**Activity**
Every line from the one with "4827 S Landon Court, Springfield, MO 65810" through the final line of the data below goes in the answer, copied exactly. Pictures do not.

**Data extract**
##############################

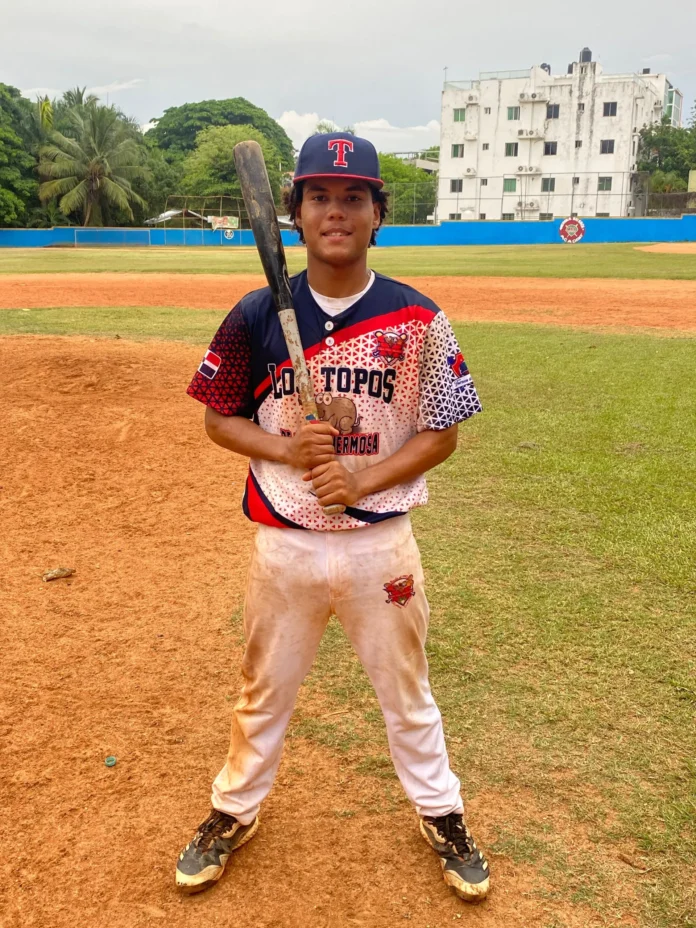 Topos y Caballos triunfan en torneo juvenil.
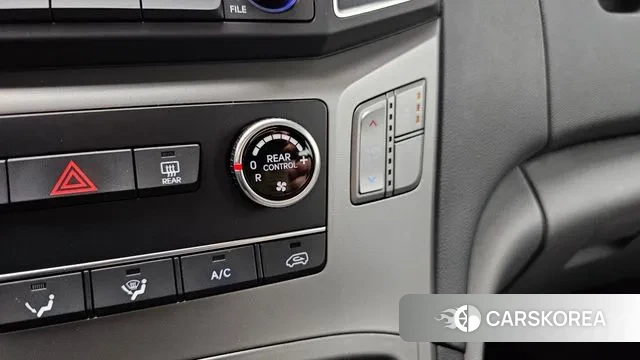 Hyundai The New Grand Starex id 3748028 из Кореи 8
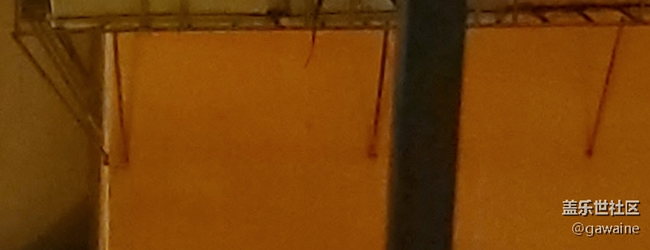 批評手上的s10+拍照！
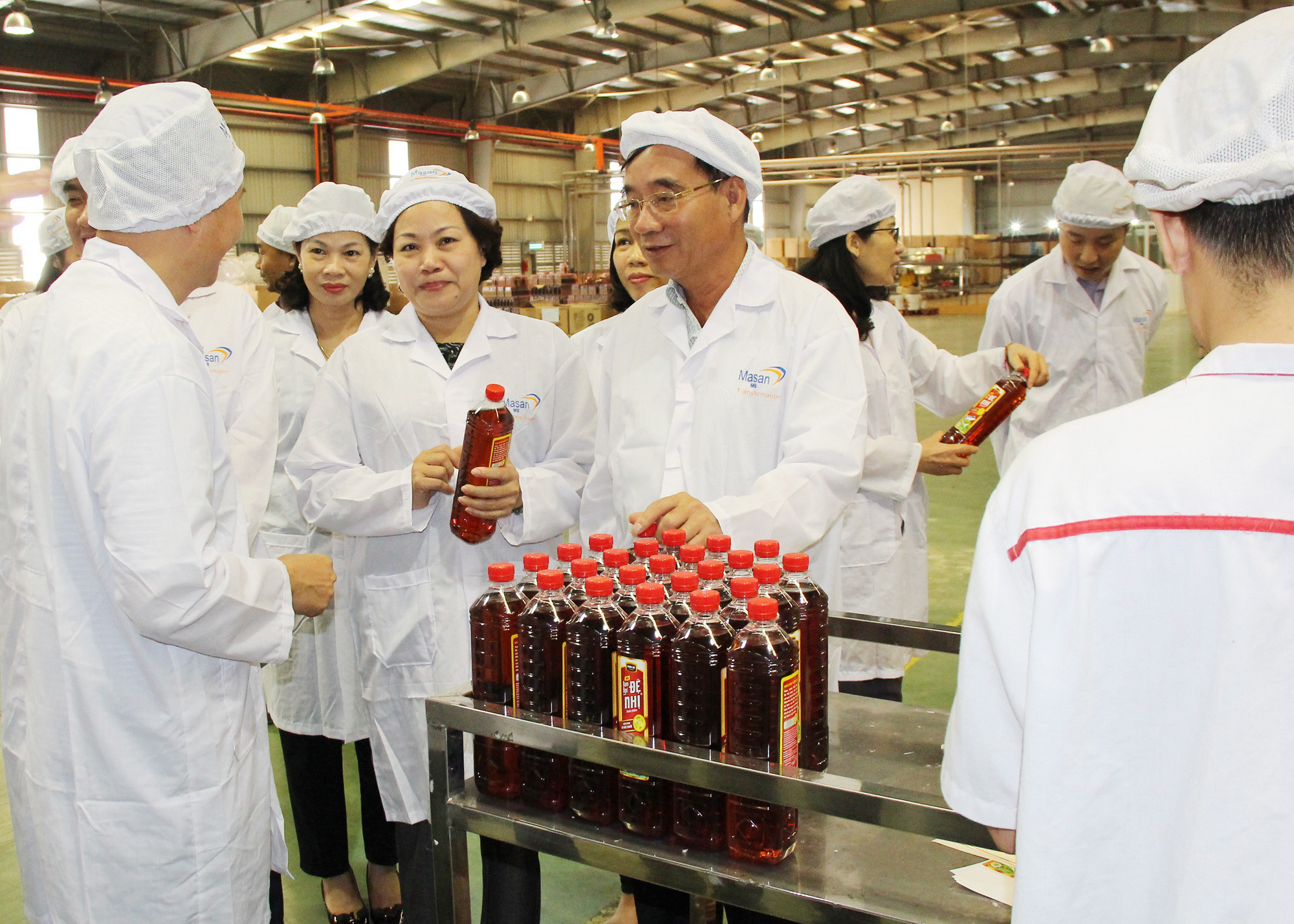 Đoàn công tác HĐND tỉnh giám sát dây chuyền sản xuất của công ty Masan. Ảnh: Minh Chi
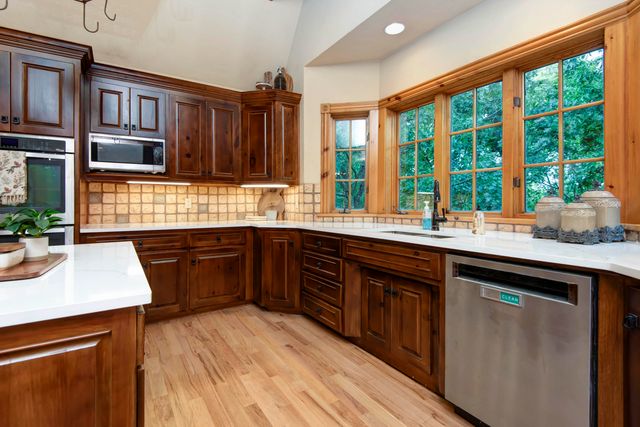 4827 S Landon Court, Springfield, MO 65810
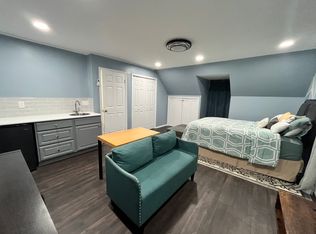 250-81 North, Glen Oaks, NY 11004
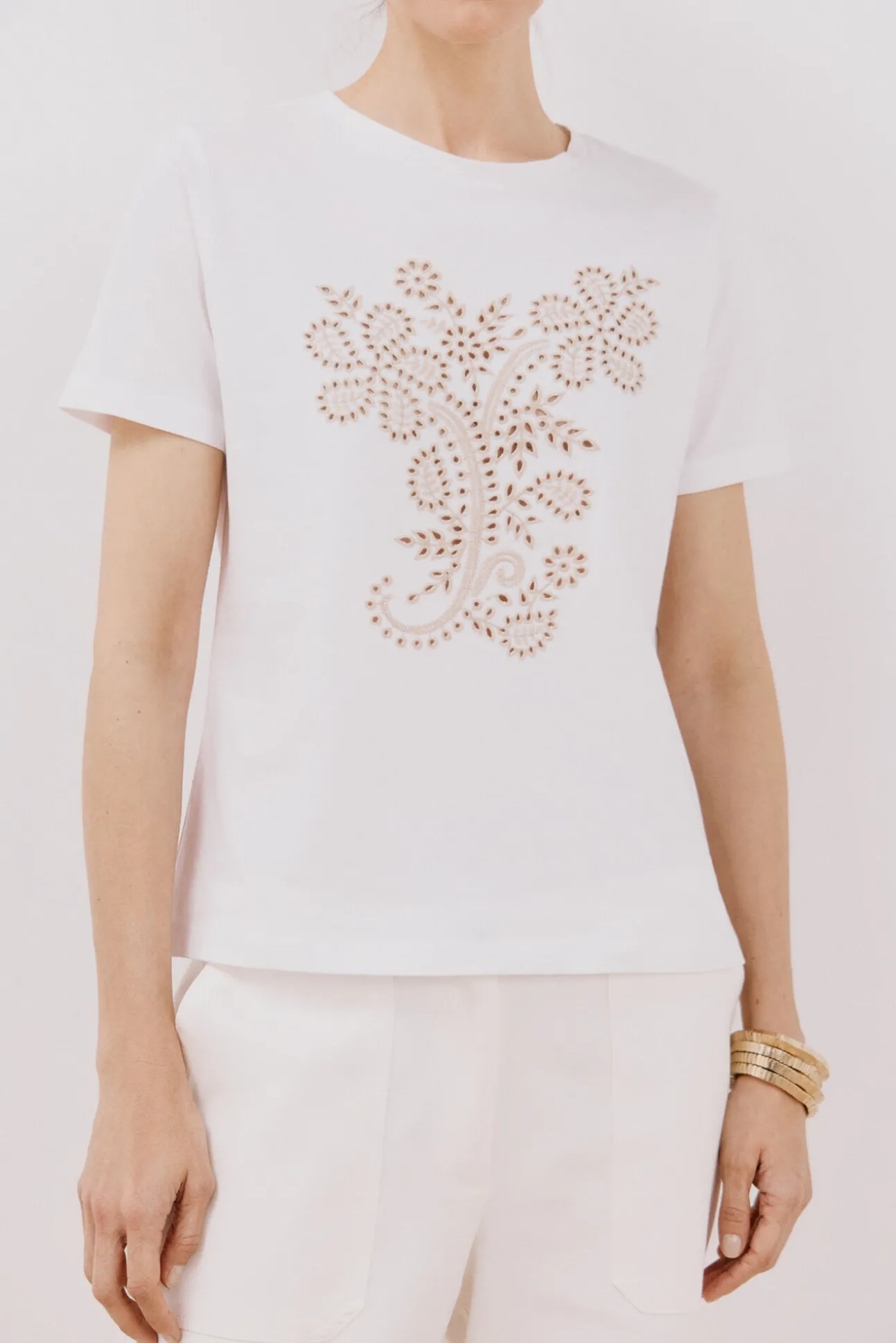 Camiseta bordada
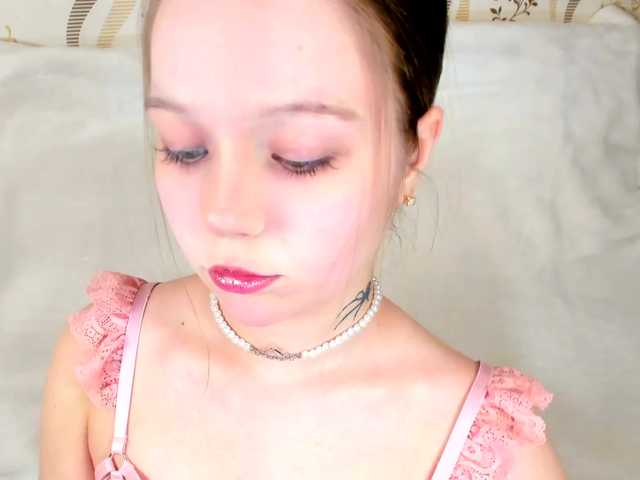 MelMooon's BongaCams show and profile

##############################

**Worked solution**
 4827 S Landon Court, Springfield, MO 65810
 250-81 North, Glen Oaks, NY 11004
 Camiseta bordada
 MelMooon's BongaCams show and profile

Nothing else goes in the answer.